The institute created a curriculum for high school juniors — the Hamilton Project — that merges English and history. The coursework, which Greenport students began in October, encouraged them to use some of the same primary source documents Mr. Miranda consulted when he wrote the musical.
Each student enrolled in 11th-grade English and American history received a study guide for the coursework. Other courses at Greenport, including broadcast journalism and some AP courses, also followed the curriculum.
Special education teacher K Damon, who helped Greenport apply for the grant, said the curriculum guides students through Mr. Miranda’s experiences after reading Ron Chernow’s biography of Hamilton.

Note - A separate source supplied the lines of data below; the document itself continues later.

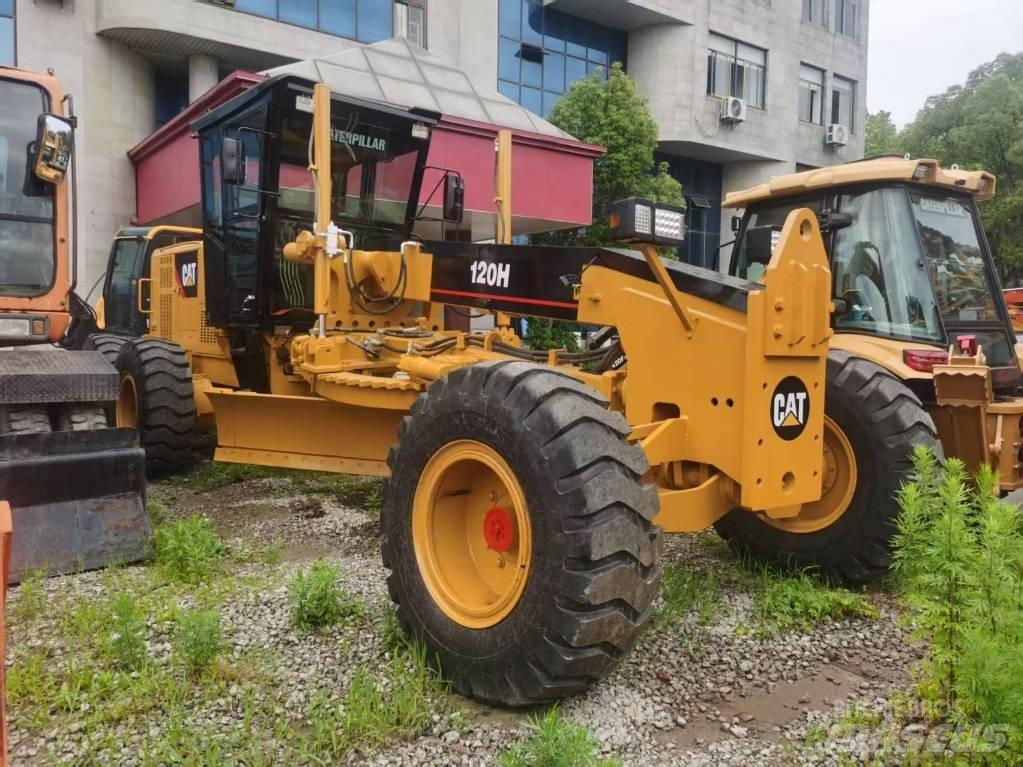 CAT 120 H Muu
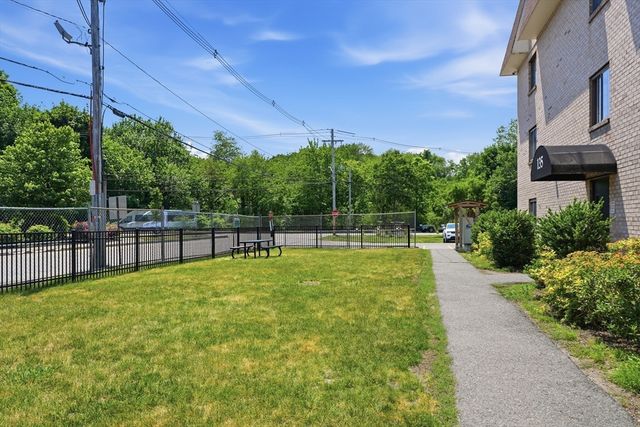135 Grove St 131, Rockland, MA 02370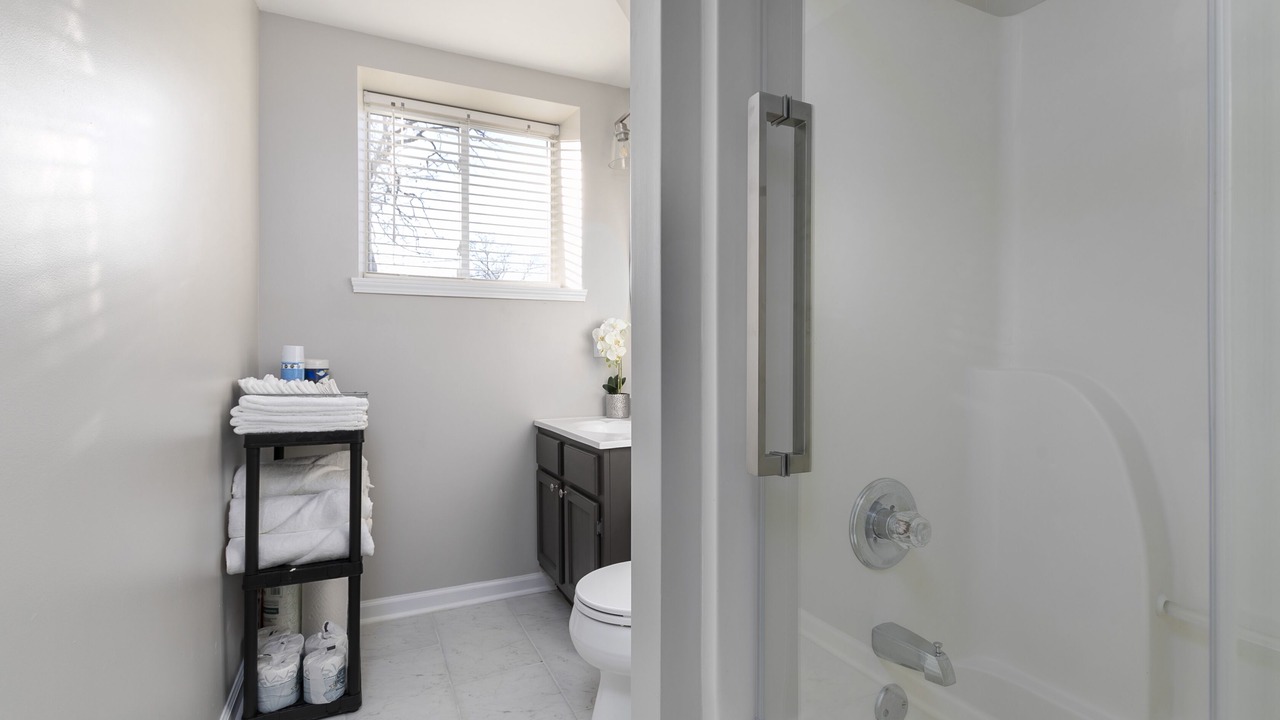 Photo of Bathroom in Crestline Heights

“It was the process that he took, which is a lot of what we do in American history — we take a look at primary source documents and then write from there,” K said. “It takes you through all of the steps of how one can create.”

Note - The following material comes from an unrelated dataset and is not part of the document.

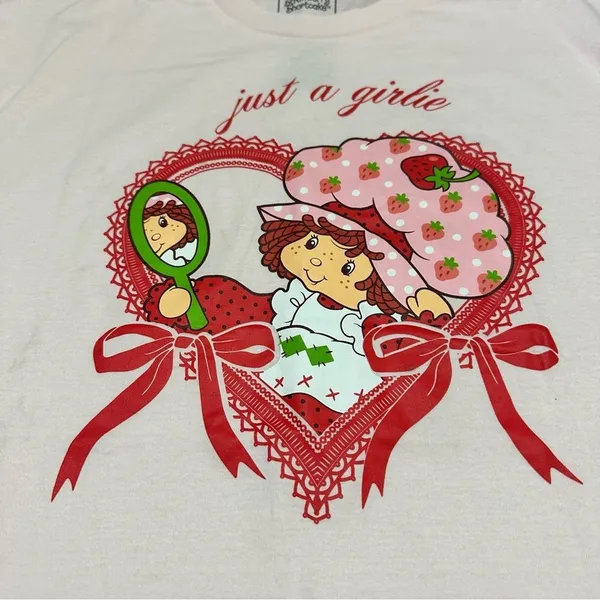 Strawberry Shortcake Pink Graphic T-Shirt with Heart Design size L - Image 5
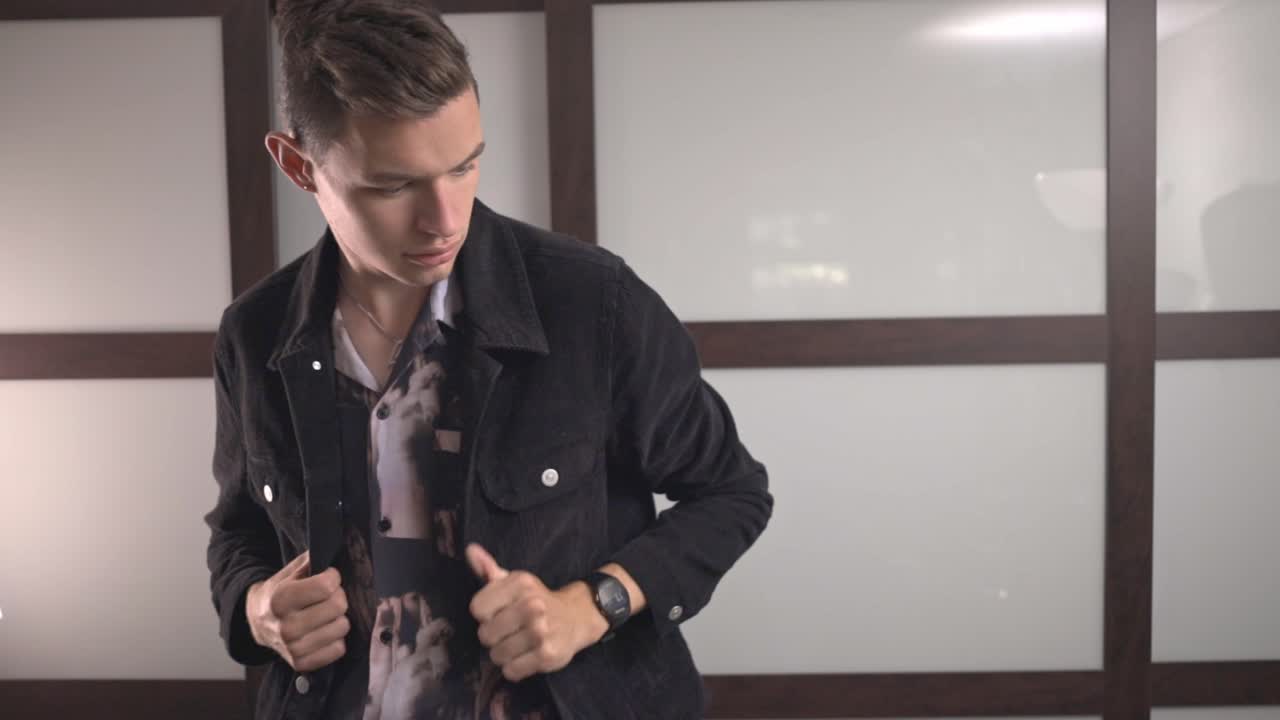 현대적인 옷을 입은 세련된 백인 남자의 초상화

The curriculum also asked students to create art relating to the musical.
“Some students wrote letters, poems, some wrote songs, some wrote raps,” K said. “It’s interesting to see how they breathe life into this world.”
Students were encouraged to submit their songs to the Gilder Lehrman Institute, which would then select a handful of students to perform before the show. Melody said she submitted a ballad written from the perspective of Hamilton’s wife, Elizabeth, expressing her heartbreak.
Through additional donations to the district, K said, a bus was made available to transport students into Manhattan for the performance.
The day of the show, students from Greenport and 17 other school districts across the state gathered at the theater and watched fellow students perform selected songs and raps. Melody said the audience felt like “a family.”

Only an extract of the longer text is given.